A great dish, easy and so tasty, originally cooked as one element of a 10-course dinner party at my house, devised and cooked by our good friend Chung Yin. The full menu detailed at Chinese Dinner Party
This recipe, together with those for the duck and the melon salad, is reproduced with Chung Yin’s permission.

2 thick tuna steaks
4 tbsp Sharwood’s Wok Soy
Oil for deep-frying
10g Sharwood’s Rice Noodles
Salt and white pepper for seasoning
4 tbsp oil
6 thin slices fresh ginger, approx 1x 2cm
for the dressing
1 tsp roasted sesame oil
2 tbsp dark soy sauce
Juice of 1/2 a lime
1 tbsp chopped fresh coriander
1 x 150g pack salad leaves
Serves 6 as a starter or 2 for a light meal

Delicious as a starter to a banquet or as a special lunch for two.
Marinate the tuna in 4 tablespoons Sharwood’s Wok Soy for half an hour. Heat the oil in a large saucepan or deep fat fryer to 220°C/425°F/gas 7. Drop half of the rice noodles into the hot oil; the noodles should cook and fully expand simultaneously. Remove and drain on kitchen paper. Repeat with second batch of noodles. Heat the oil in a large frying pan add the ginger and fry for 3 minutes. Remove the ginger and three quarters of the oil and leave to one side for the dressing. Heat the frying pan till very hot, fry the tuna for 1 minute each side or until is seared but not cooked all the way through.
Set aside for 5 minutes then slice. To make the dressing mix together the ginger oil, sesame oil, soy sauce, lime juice and fresh coriander.
Place the leaves in a bowl and lightly toss in the dressing, reserving a teaspoon for serving. Arrange the salad leaves on an individual serving dish, layer with noodles and top with the sliced tuna. Serve immediately.

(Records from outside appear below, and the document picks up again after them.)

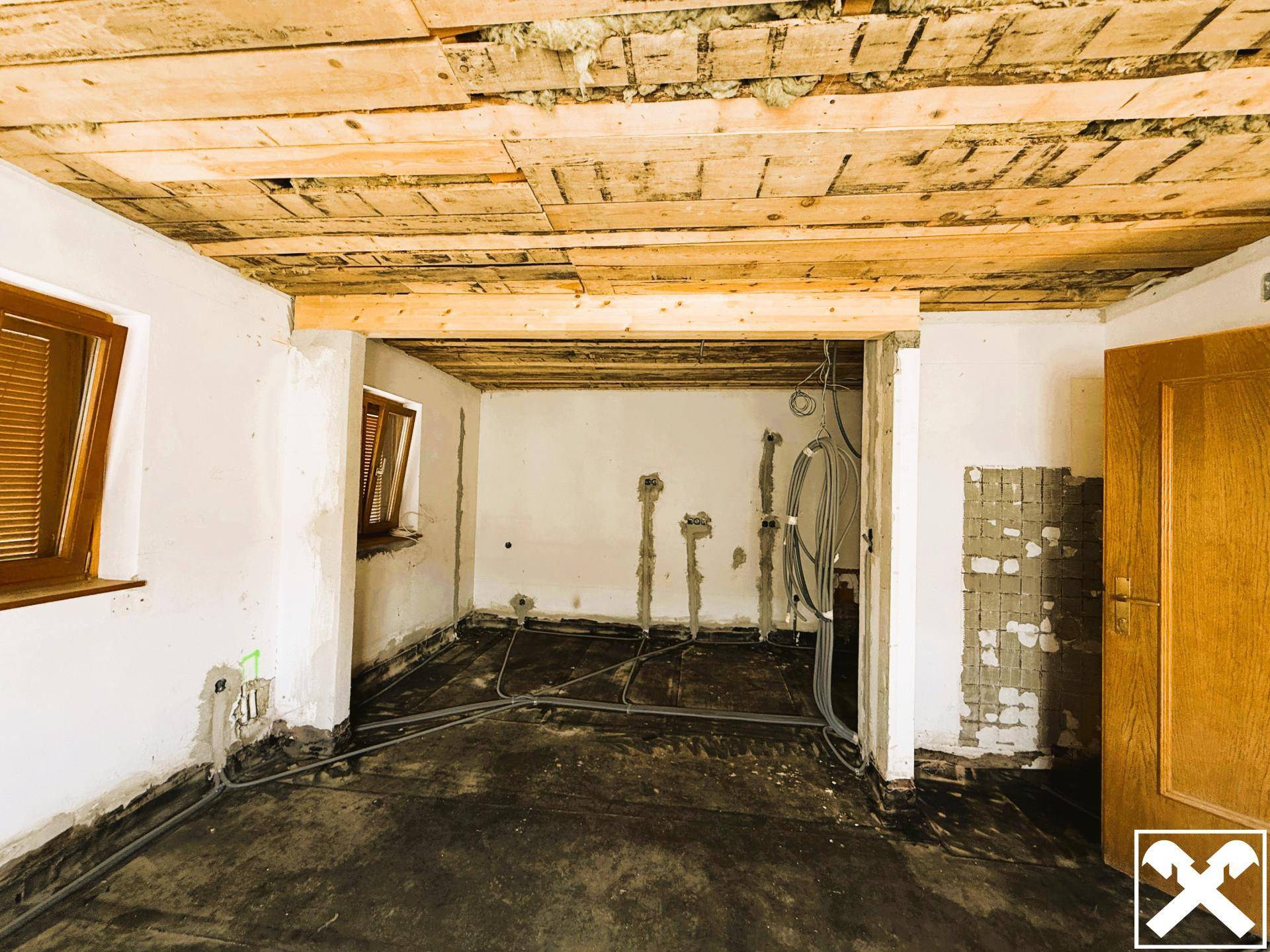 Unfertiger Raum mit freiliegender Holzdecke und vorbereiteten Installationen für die Renovierung.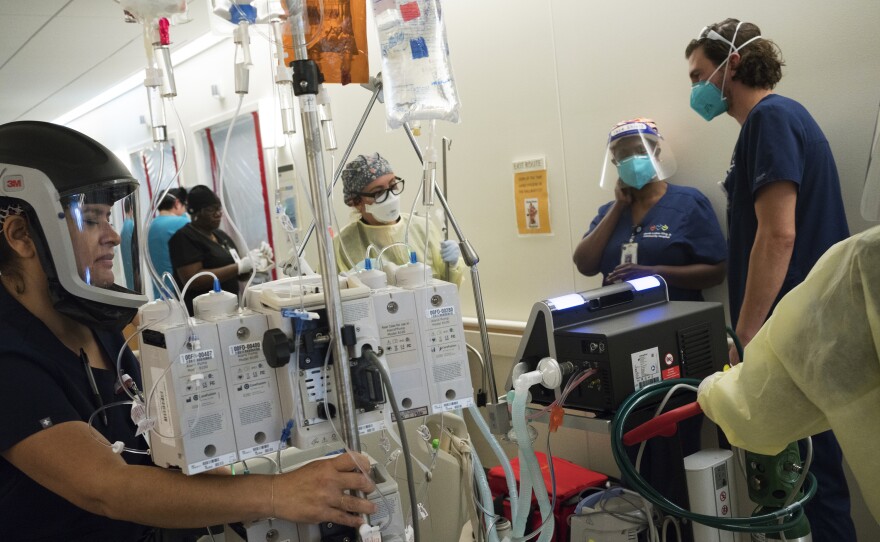 Maria Arechiga (center) helps move an intubated COVID-19 patient to a private room. The patient died later that day. Multiple COVID-19 deaths in one day are not rare at the hospital.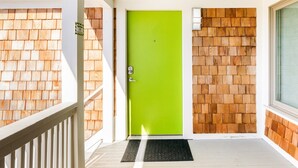 Una puerta verde brillante con felpudo, paredes de madera y una barandilla blanca.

Melon and Kiwi Fruit Salad

This recipe, like the duck and the tuna came from our good friend Chung Yin, product developer for Sharwoods and is reprodued with his permission.

100g caster sugar
200ml water
50g fresh ginger – thinly sliced
1 medium melon in balls or bite-sized pieces
4 kiwi fruit – peeled and cut into wedges
Serves 6

Delicious served with a lemon sorbet.
This recipe can be prepared in advance and chilled overnight.
Place the caster sugar in a heavy based saucepan and put on a low heat until the sugar has melted and changed to a light golden colour, resembling runny honey.
Remove the pan from the heat, add the water, taking great care as the mixture will spit and splutter. Add the ginger and return the syrup to the heat. Bring to the boil and simmer until all the caramel has melted.
Pour the syrup over the fruit, chill before serving.

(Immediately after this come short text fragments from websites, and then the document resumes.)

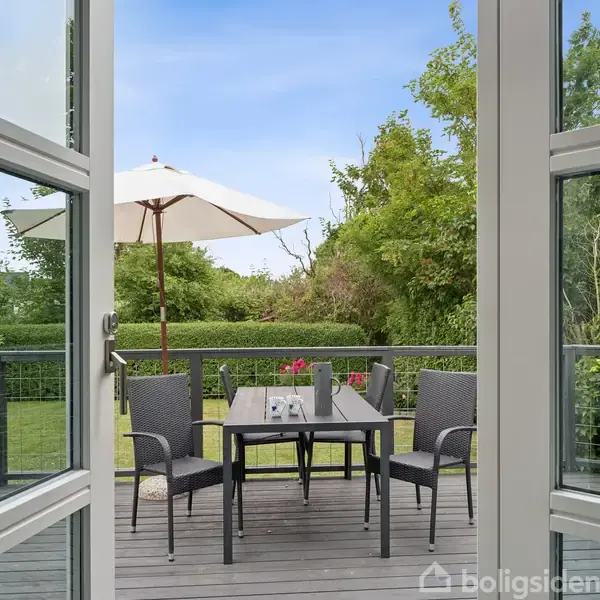 En åbent terrassedør viser et udendørssæt med bord og fire stole på en træterrasse. En parasol står i haven, omgivet af grønne træer og buske.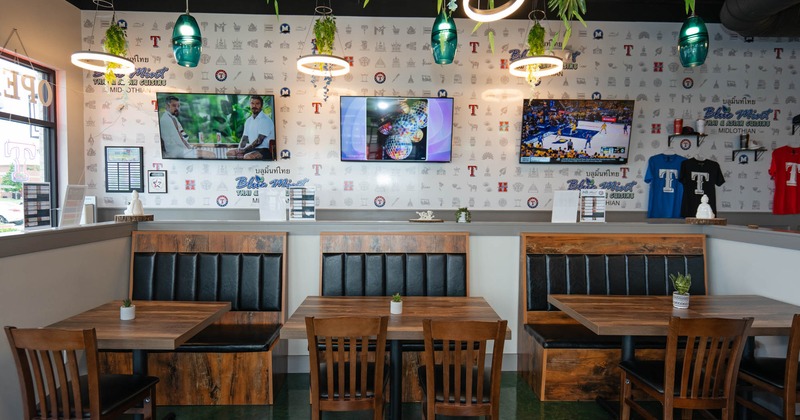 Interior, booths with tables and chairs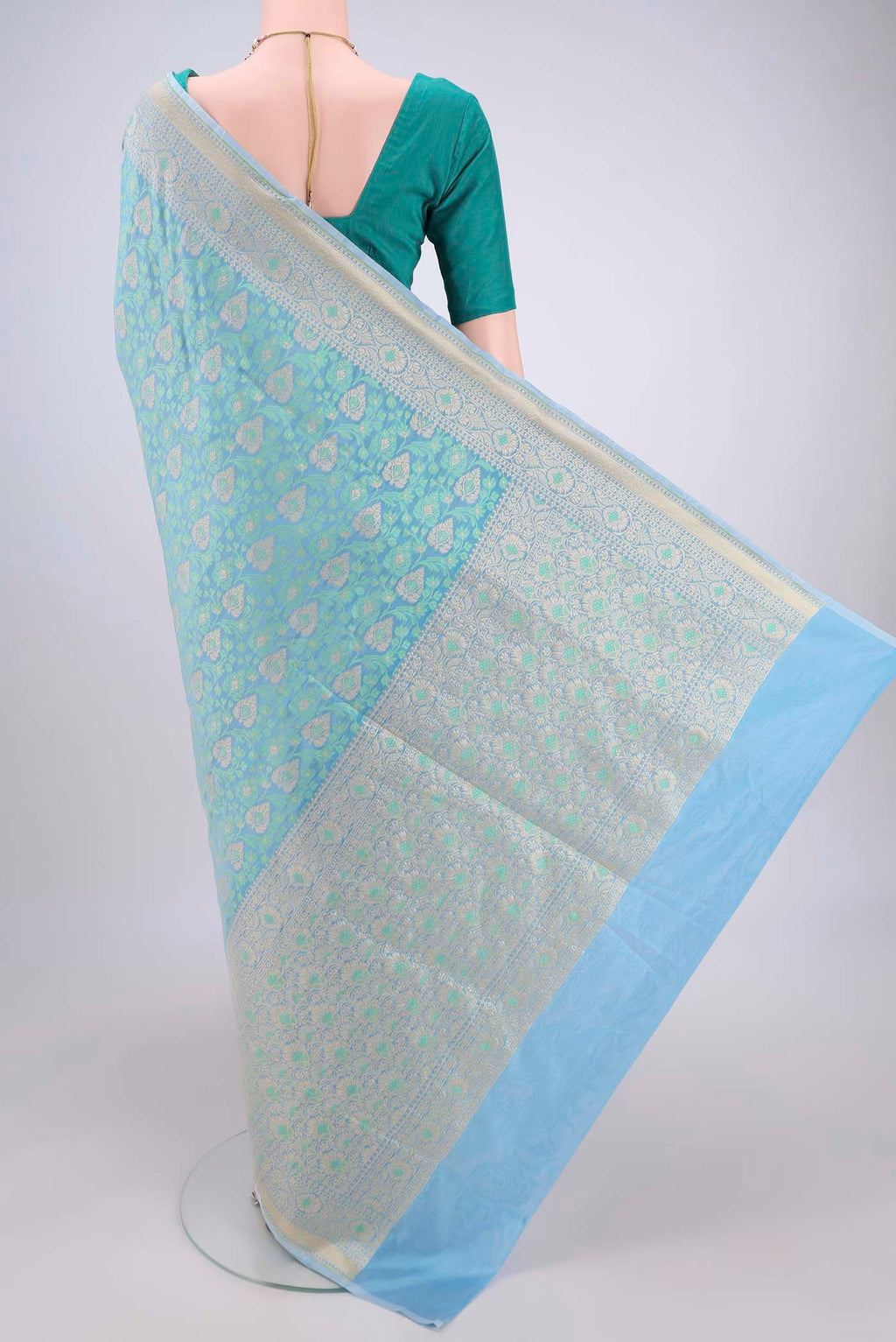 Flat view of Sky Blue Banarasi Silk Saree with Zari And Thread Butta on the body and Zari Border. 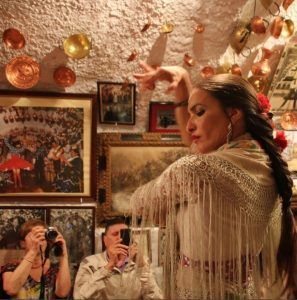 En una sala bellamente adornada, una bailaora de flamenco realiza con pasión un espectáculo impresionante mientras dos espectadores cautivados capturan el momento, que recuerda al vibrante "Espectáculo de flamenco en la Zambra María la Canastera". - ForTwo - Planes para parejas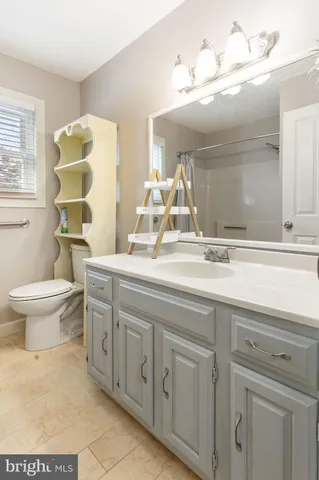 a bathroom with a toilet and a bathtub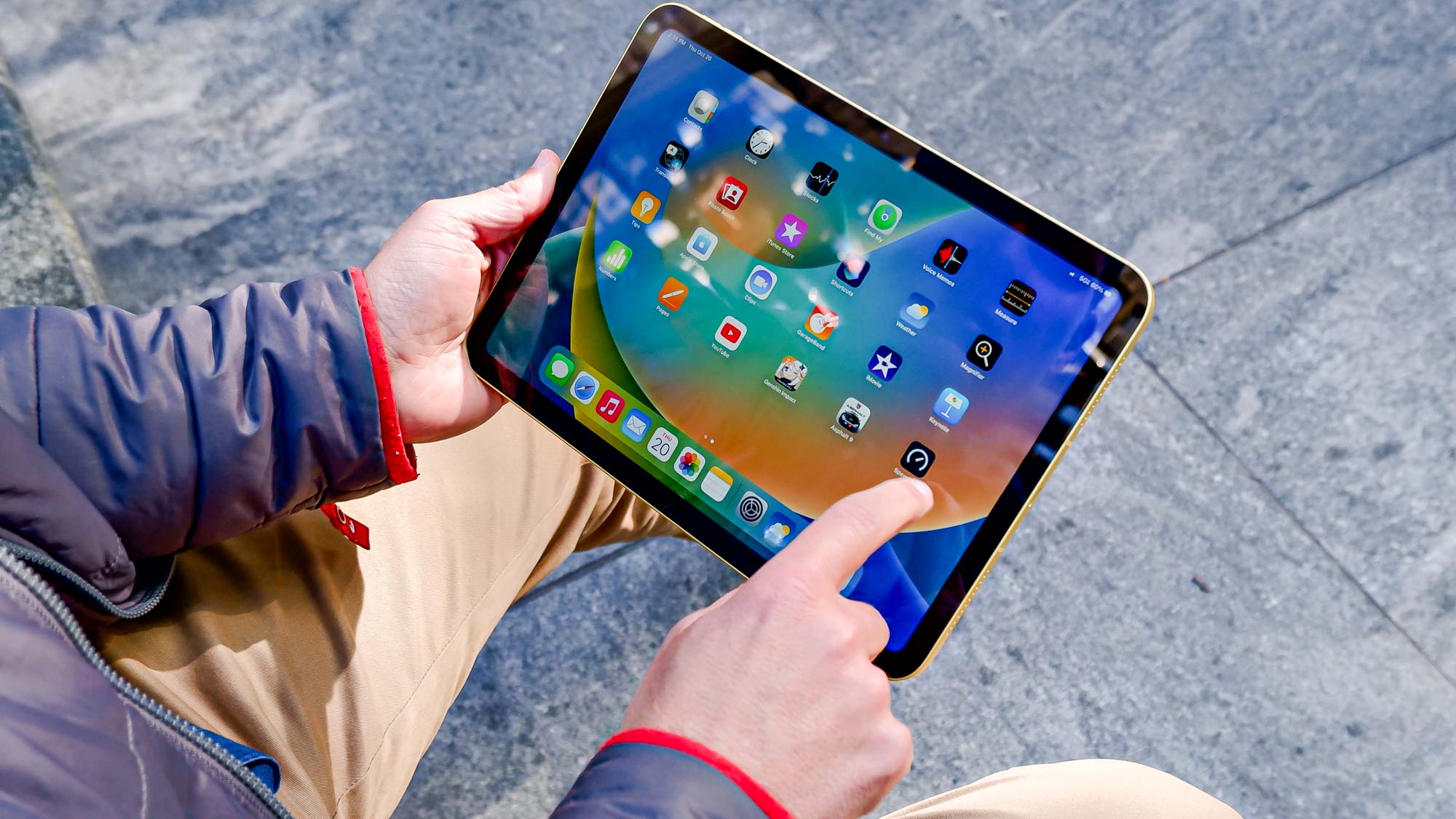 iPad 10th generation in the hands browsing the iPad OS home screen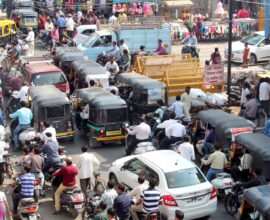 Crowded urban street with cars, bikes, and auto rickshaws in bustling city traffic.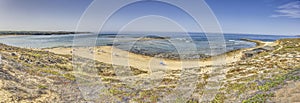 Panoramic image on the beach of the Portuguese coastal town Bairro Monte Vistoso photo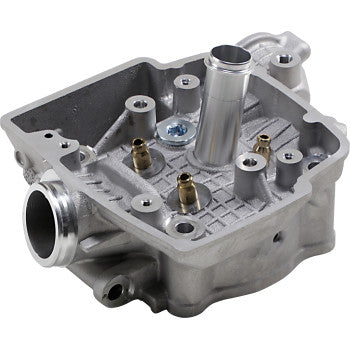Silver metal Honda cylinder head with multiple bolt holes and tubular ports, designed for offroad engine fitment.
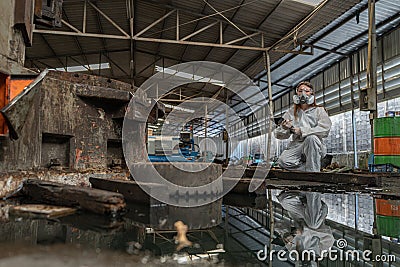 emergency pollution factory concept. Female chemist wearing PPE and gas mask inspecting oil on factory floor Stock Photo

Note: We experimented here, cheating a bit by adding a dash of alcohol (Cognac in this case) to the syrup while it was cooking. It made the dessert (which is now in our regular repertoire) even more delicious – Ed

Warm Salad Of Smoked Gubbeen Bacon, Boilie Goats’ Cheese, Baby Spinach and Watercress

This delightful salad showcases a wonderful product from Fingal Ferguson’s Gubbeen smokehouse and a fine goats’ cheese from Cavan. Use a really good olive oil and keep the dressing light and fresh.

1 pack Gubbeen smoked bacon
1 jar Boilie goats’ cheese
1 packet baby spinach
1 packet watercress (or rocket if unavailable)
zest of a lemon
sea salt and black pepper
for the dressing
4 tbsp good extra virgin olive oil
2 tsp wine vinegar
squeeze of fresh lemon juice
serves 4

Preheat oven to 180°F/360°F/gas 4. Cut the bacon crosswise into thin strips (approx. 30mm x 10) place on an ovenproof dish and bake just until crisp. Keep warm. Wash and dry the spinach and watercress. Make the dressing and combine all ingredients (don’t use the oil from the jar of goats’ cheese) immediately before serving.

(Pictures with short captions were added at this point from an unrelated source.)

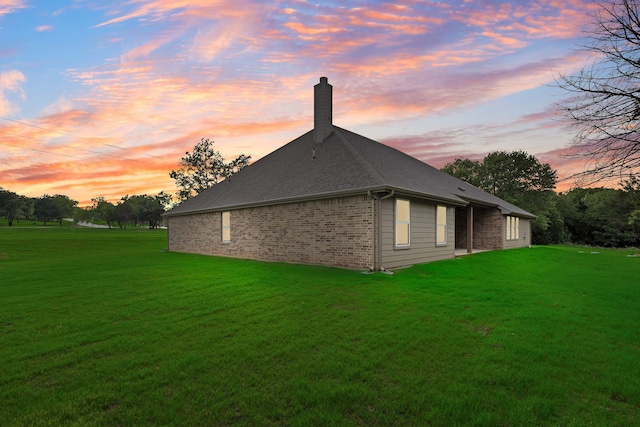 2201 Crystal Palace Blvd, Alvarado, TX 76009 - rear view of property featuring a chimney, brick siding, a shingled roof, and a lawn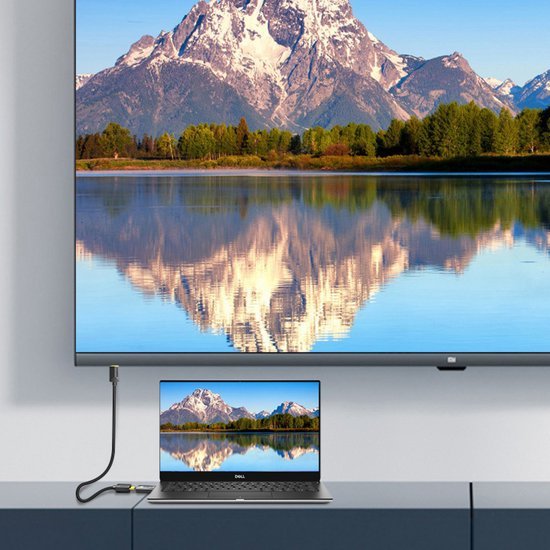 Laptop verbonden met grote scherm waarop berglandschap en reflectie in water te zien is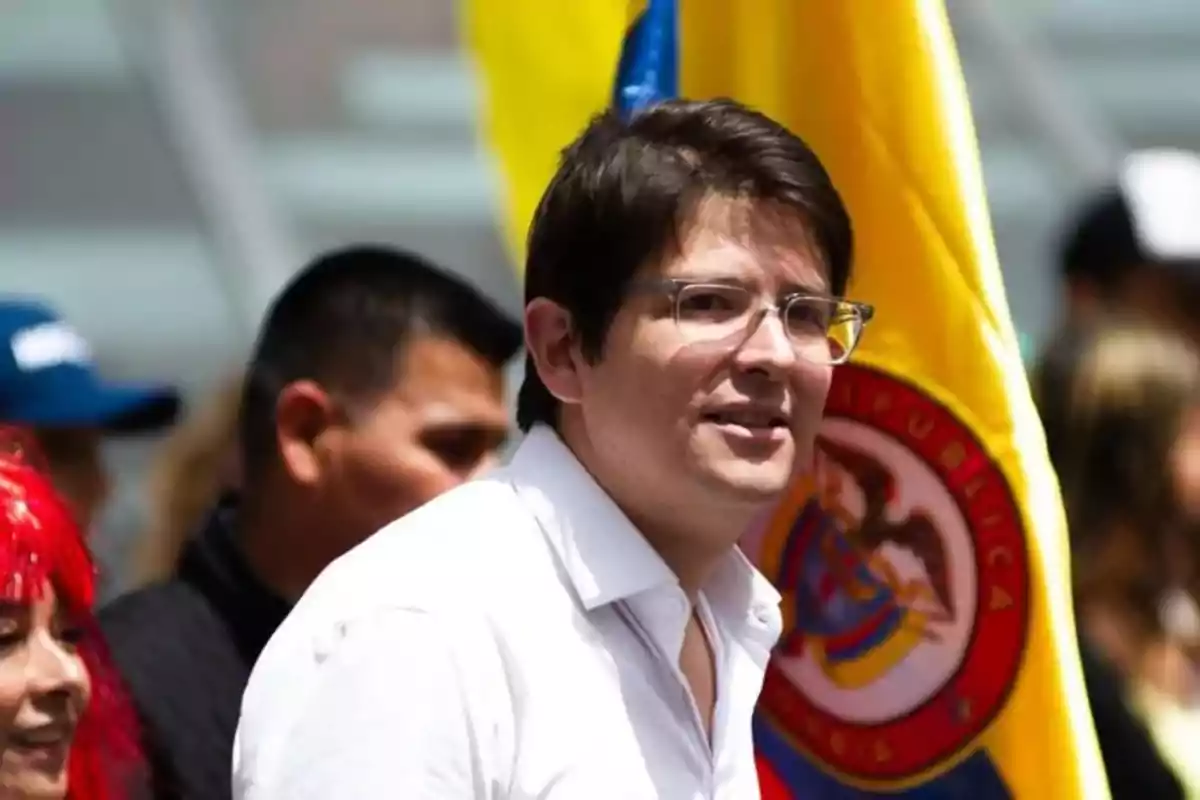 Hombre con gafas y camisa blanca frente a una bandera de Colombia en un evento al aire libre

Spinach with Pine Nuts, Sultanas and Orange Zest

Spinach used to be an utterly maligned vegetable that no one would eat except Popeye. Now it’s trendy, which is almost as bad! In any event, it’s good for you. I love spinach done this way, particularly with grilles fish.

1 tbsp pine nuts
1 tsbp yellow sultanas
750g spinach
knob of butter
zest of 1 orange
grating of nutmeg

Preheat the oven to 200C/400F/gas 6 and toast the pine nuts for 6-7 minutes. Remove.
Soak the sultanas in water for 15 minutes.
Wash the spinach. Shake dry. Cook approx. 5 minutes in a covered saucepan with no water added. Drain, then chop spinach, return to the pan and add a small knob of butter, the zest of one orange, the pine nuts and the sultanas.
Heat through, then serve.

Salad Dressings

It seems to be de rigueur to serve a salad with pasta dishes these days.
If you do, keep it simple, don’t let strong, sweet or otherwise exotic flavours detract from the pasta and sauce.

People have asked about how I dress salads. Here’s how.

BASIC SALAD DRESSING 1.
Good extra vergine olive oil

BASIC SALAD DRESSING 2.
Six parts good extra vergine olive oil to one part aged balsamic vinegar.

BASIC SALAD DRESSING 3.
Six parts good extra vergine olive oil to one part lemon juice. Add chopped fresh herbs, to taste.

VINAIGRETTE
Four parts good extra vergine olive oil to one part white wine or cider vinegar.

MY STICKY DRESSING
4 parts Hellman’s mayonnaise
1 part wholegrain mustard
1 part honey
1 part wine vinegar
You can make this in quantity. It will keep, in a jar in the fridge, for up to two weeks.

If you like garlic in salad dressings (I can take it or leave it, although I use it copiously in cooked food) cut a clove in two and rub it round the inside of the salad bowl, you get a much fresher, more fragrant aroma than if you bung garlic in the jar of dressing.
No salad or cooked dish is improved by carpet bombing it with the most pungent of herbs except the legendary Norman forty-clove chicken where to use thirty-nine would be cheating!
Chuck out your garlic press, if you have one. It’s easy to pick garlic out of the pan or dish if you think enough is enough. Use a garlic press and you lose one of the most important elements in cooking – control.